# [Requirement]
Copy out precisely the line that holds "Set of 2 Hoi" and all the lines following it in the data, up to and including the last one, and no others.

# [Material provided]
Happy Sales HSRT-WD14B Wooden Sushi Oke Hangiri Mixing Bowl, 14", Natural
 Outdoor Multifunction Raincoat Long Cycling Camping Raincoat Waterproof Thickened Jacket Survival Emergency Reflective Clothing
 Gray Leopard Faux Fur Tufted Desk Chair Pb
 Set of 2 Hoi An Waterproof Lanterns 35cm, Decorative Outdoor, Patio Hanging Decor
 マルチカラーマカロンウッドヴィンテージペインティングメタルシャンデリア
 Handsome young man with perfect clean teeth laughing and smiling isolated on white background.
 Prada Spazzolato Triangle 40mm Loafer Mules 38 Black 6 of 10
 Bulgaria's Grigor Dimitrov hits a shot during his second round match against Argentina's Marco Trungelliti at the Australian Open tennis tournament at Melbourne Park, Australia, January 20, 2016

# [Your response]
 Set of 2 Hoi An Waterproof Lanterns 35cm, Decorative Outdoor, Patio Hanging Decor
 マルチカラーマカロンウッドヴィンテージペインティングメタルシャンデリア
 Handsome young man with perfect clean teeth laughing and smiling isolated on white background.
 Prada Spazzolato Triangle 40mm Loafer Mules 38 Black 6 of 10
 Bulgaria's Grigor Dimitrov hits a shot during his second round match against Argentina's Marco Trungelliti at the Australian Open tennis tournament at Melbourne Park, Australia, January 20, 2016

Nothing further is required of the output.